People would be outraged if their neighbor’s home was allowed to burn because they could not afford fire protection insurance. Until we see health care as one of our inalienable rights we will not be able to reform it to the degree that it will cease becoming a greater and greater economic burden. Ask why we are the only major nation in the world without a national health plan and we only need look as far as the continued greed of the insurance industry. If we continue to allow the profiteers to define the health care debate I am afraid we will never get the kind of health care reform we deserve.
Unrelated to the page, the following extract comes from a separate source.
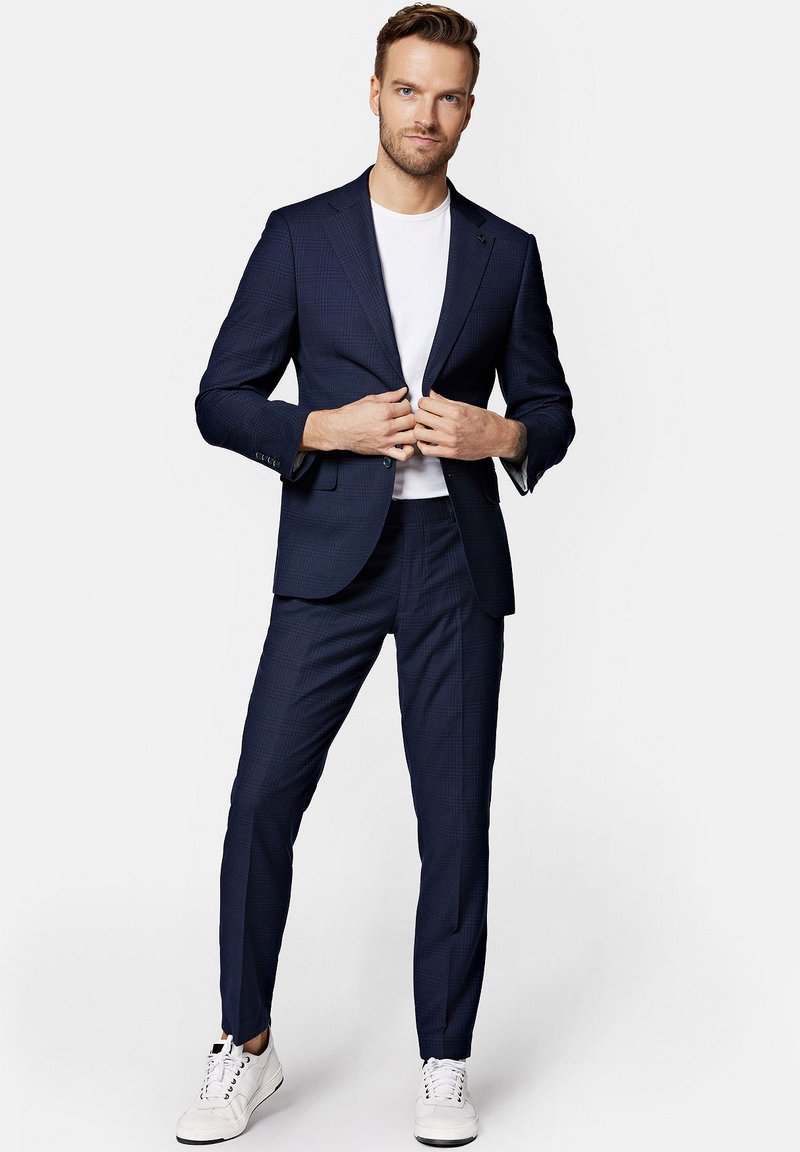 Granatowy garnitur w kratę o slim fit i z klapami, połączony z białym t-shirtem i białymi sneakersami. Dopasowane spodnie i detale z guzikami.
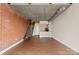 Open-concept living room featuring exposed brick, staircase, and hardwood floors at 710 W Trade St # 309, Charlotte, NC 28202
Makes for a very sick nation.

Sowing Seed in Good Earth 5/28/09

The American Dream used to involve hard work as a function of reaping the benefits of a vibrant economy. Even in today’s tenuous economy if one sows their seed in good earth and tends to it lovingly one should expect a life giving harvest. It has always been posited that if one works hard and plays by the rules ( The quintessential American state of being) they would be assured of partaking in the fruits of the alleged “Greatest nation on earth”.

This axiom is assumed by many as the recipe for success in America. At least it is sold as such to the aspiring underclass. Work hard, abide by the rules and you too can climb the ladder high enough to perhaps grab some low hanging fruit, something to make life a little sweeter, regardless of your last name or the number of acronyms behind it.
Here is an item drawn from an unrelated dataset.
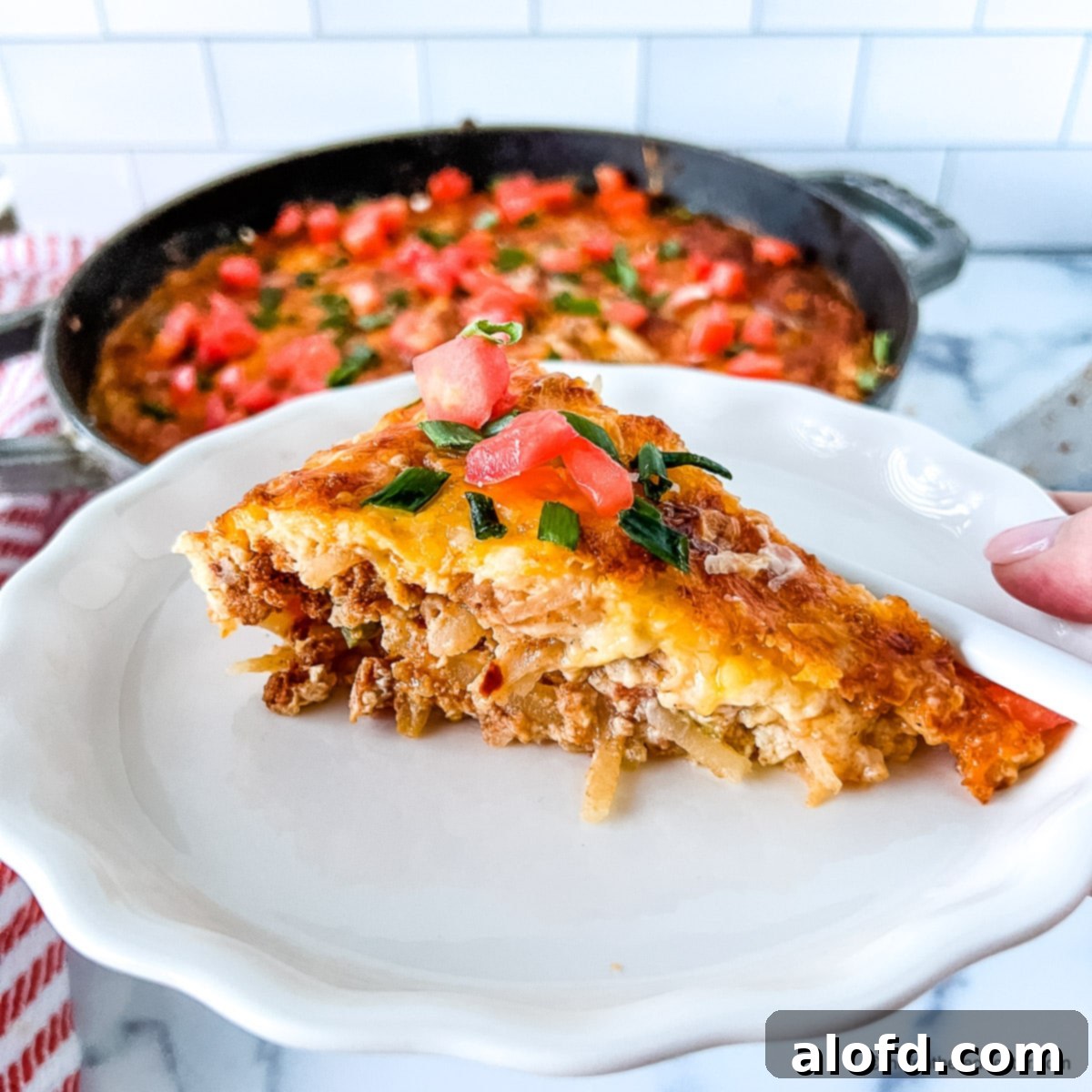 A plated slice of Bisquick breakfast casserole ready to serve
There exists, though, a class of people for whom this time honored method of achieving the American Dream is not good enough. It is beneath them to actually work for anything, having been raised in an entitlement society. This is not the entitlement of the poor to wealth without work as is complained about by so many conservative pundits but rather the entitlement of birth. These people feel entitled to the fruits of the dream simply because they exist. What is really worth something to them is to manifest wealth without working at all. This is what they expect from life and this is their goal. They have been born into wealth and they have been taught from an early age, through example, that making lots of money without working is an honorable and admirable goal. Something for nothing is the only acceptable result of waking up each day for these seemingly ‘tortured’ souls.
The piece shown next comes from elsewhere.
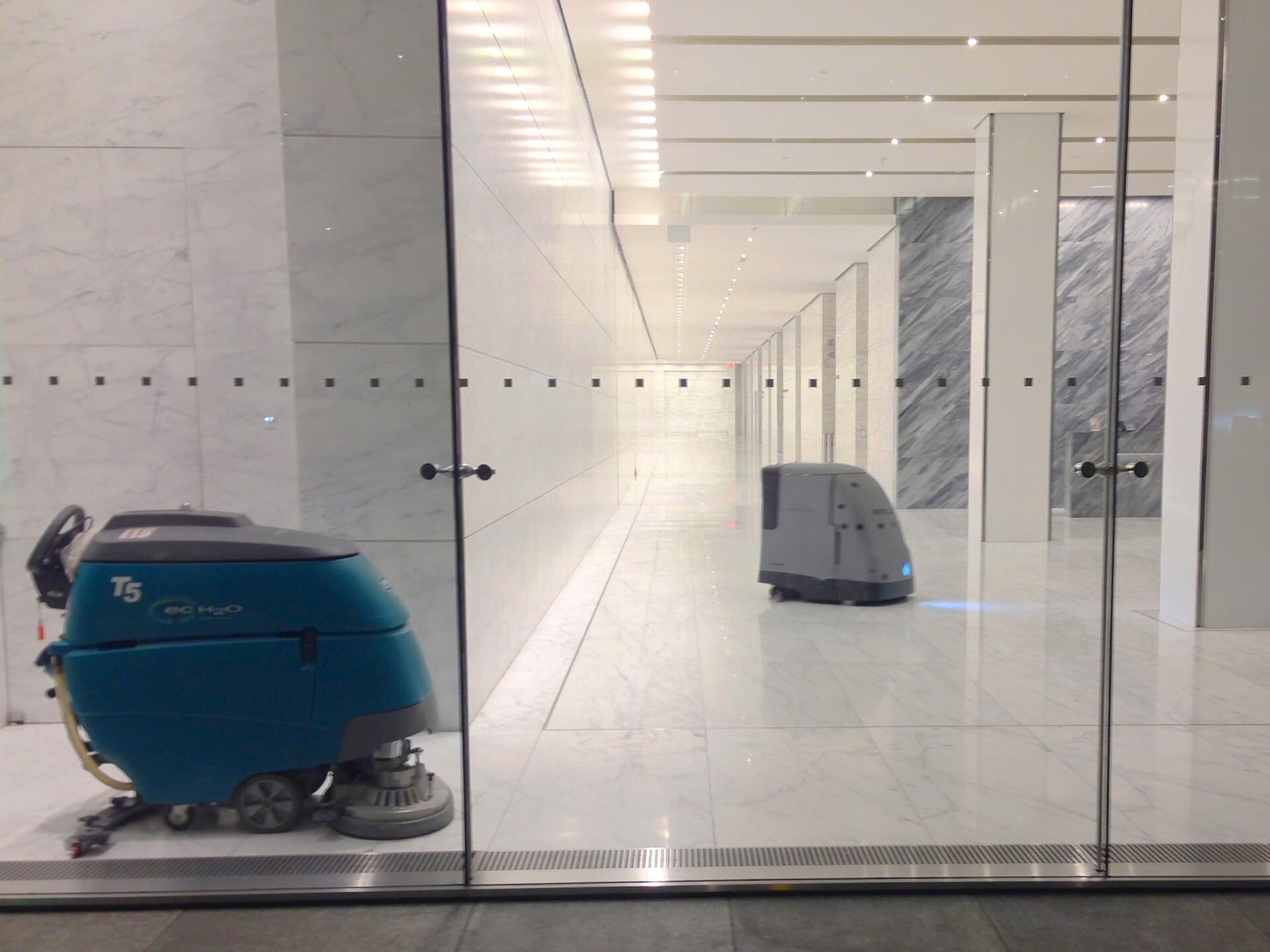 Walk-behind and robotic floor scrubbers side by side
These are the ones who look for insider trading deals on Wall Street, who look to use social networking to arrange sweetheart business deals and use the accident of their monied birth to exclude those who can’t get a good tee time from ever having the advantages they enjoy.

When we look at why the American Dream is fading away, before our very eyes, look not to those who still believe in hard work, but have no access to the good earth on which to sow their seed, to assign your blame. Look rather to those with rich, dark earth in abundance that they are all too eager to sell to the highest bidder, never having ever so much as run their hands through it, to understand its real value or appreciate the very fact that they are so lucky as to even imagine it running under their feet.

Making a living without working is a necessary, temporary social safety net for some people. Is there fraud? Certainly there is. But the greater fraud is the wealthy seeking to make a killing without lifting a finger. As long as our goal is to get rich without having to work some may gain momentary riches as individuals but as a whole society our seed will fall on the hard rocks and suffer.